Assignment:
Pictures in the entries below are excluded; copy only the lines from the one containing "Which of the" to the one containing "miejsce, które wypełnione", both included.

Provided material:
********

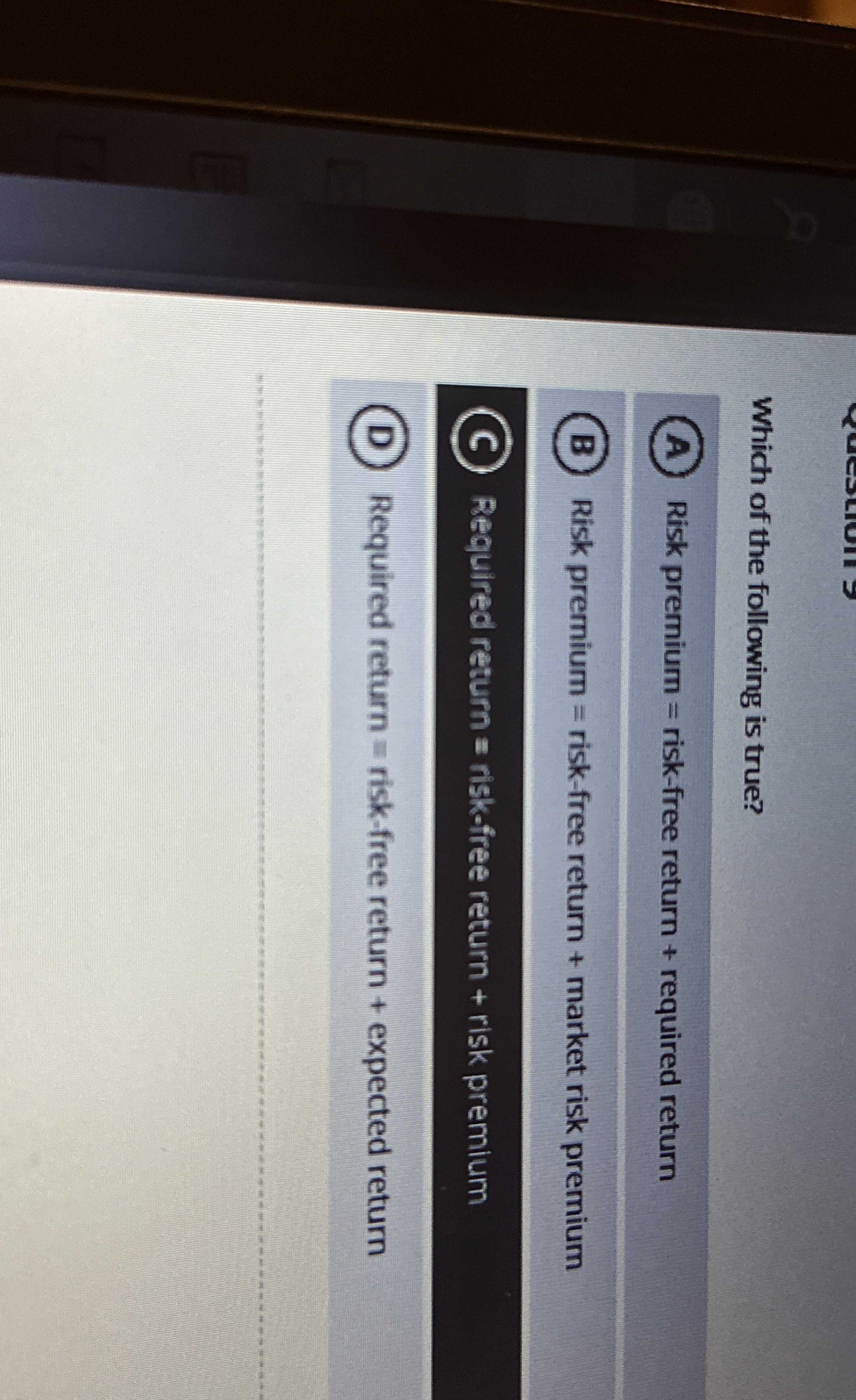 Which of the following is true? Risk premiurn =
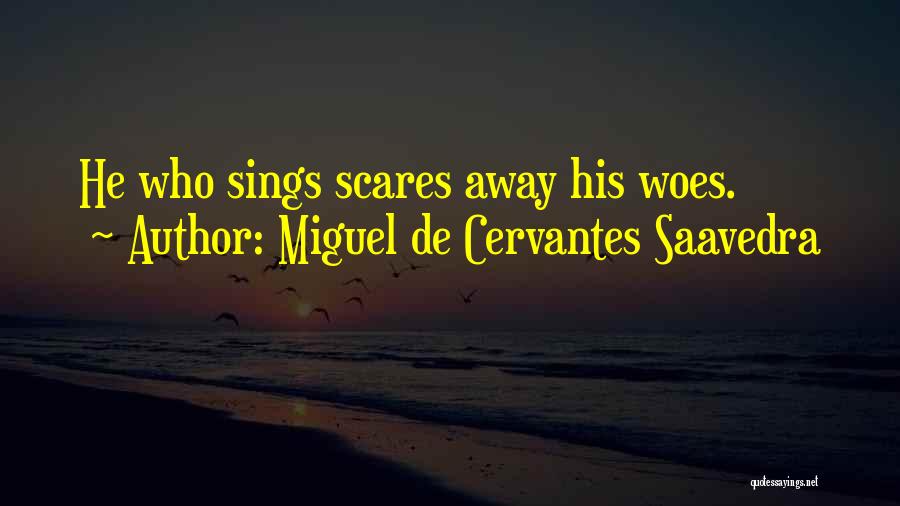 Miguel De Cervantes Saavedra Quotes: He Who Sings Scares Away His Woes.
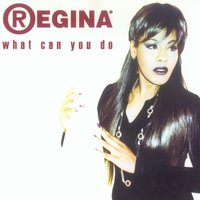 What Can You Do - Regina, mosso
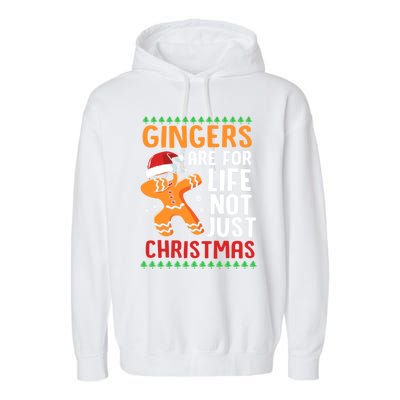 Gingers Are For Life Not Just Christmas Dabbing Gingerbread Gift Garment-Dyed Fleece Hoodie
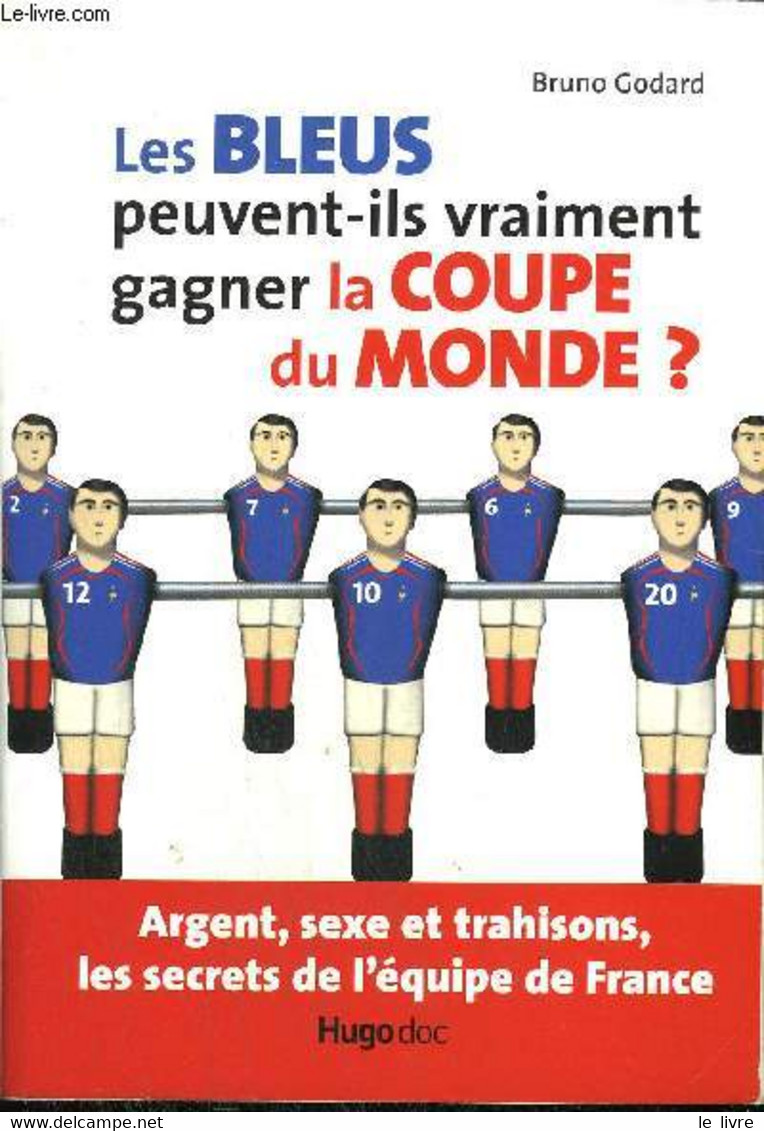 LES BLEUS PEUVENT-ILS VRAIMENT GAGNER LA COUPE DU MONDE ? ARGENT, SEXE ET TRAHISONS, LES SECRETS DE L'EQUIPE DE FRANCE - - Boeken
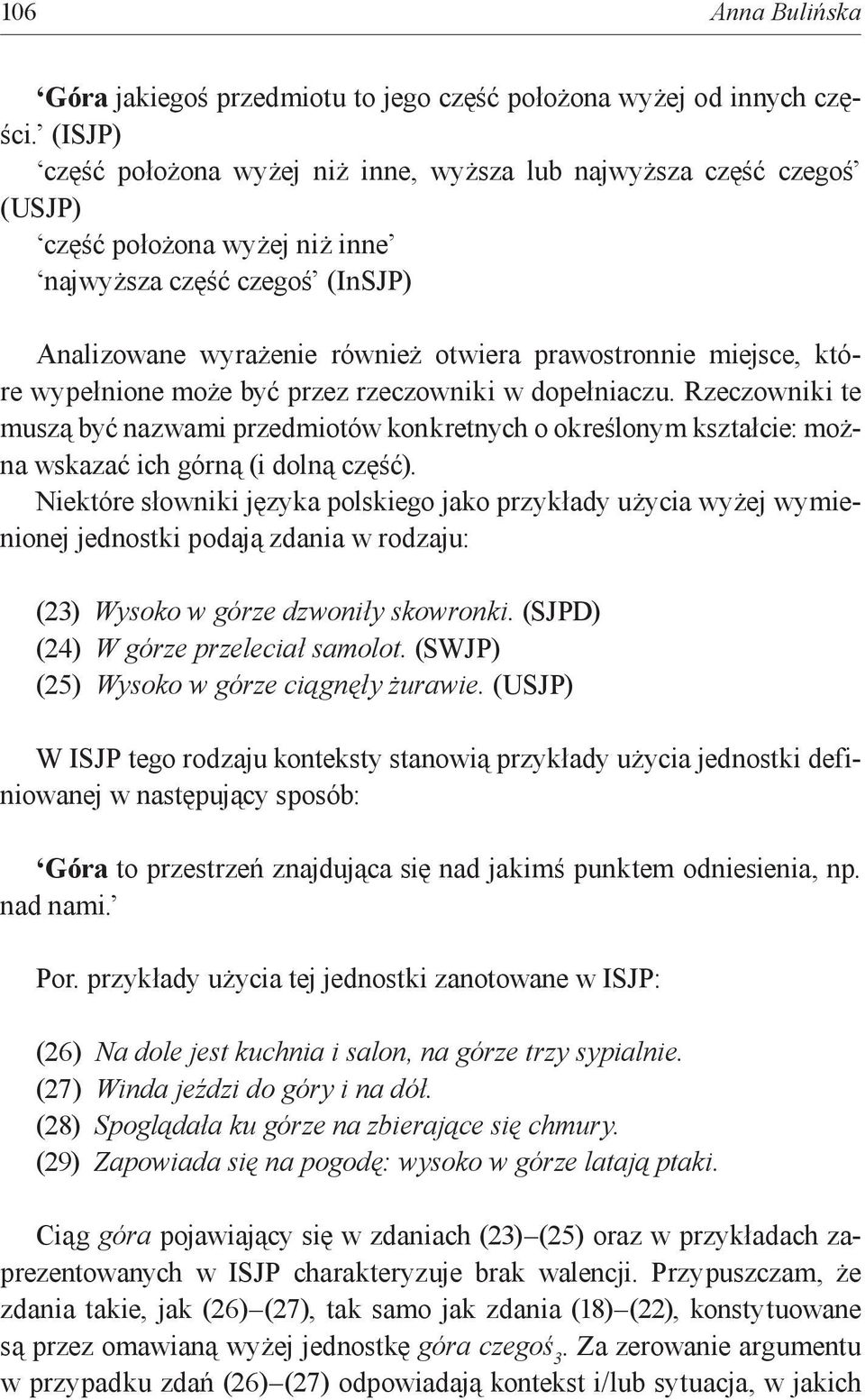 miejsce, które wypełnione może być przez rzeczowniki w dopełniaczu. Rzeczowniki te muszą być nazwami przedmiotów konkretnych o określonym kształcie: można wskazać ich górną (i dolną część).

********

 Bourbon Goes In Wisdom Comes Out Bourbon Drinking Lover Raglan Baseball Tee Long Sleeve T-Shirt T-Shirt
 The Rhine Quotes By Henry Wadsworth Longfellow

********

Your solution:
 Which of the following is true? Risk premiurn =
 Miguel De Cervantes Saavedra Quotes: He Who Sings Scares Away His Woes.
 What Can You Do - Regina, mosso
 Gingers Are For Life Not Just Christmas Dabbing Gingerbread Gift Garment-Dyed Fleece Hoodie
 LES BLEUS PEUVENT-ILS VRAIMENT GAGNER LA COUPE DU MONDE ? ARGENT, SEXE ET TRAHISONS, LES SECRETS DE L'EQUIPE DE FRANCE - - Boeken
 miejsce, które wypełnione może być przez rzeczowniki w dopełniaczu. Rzeczowniki te muszą być nazwami przedmiotów konkretnych o określonym kształcie: można wskazać ich górną (i dolną część).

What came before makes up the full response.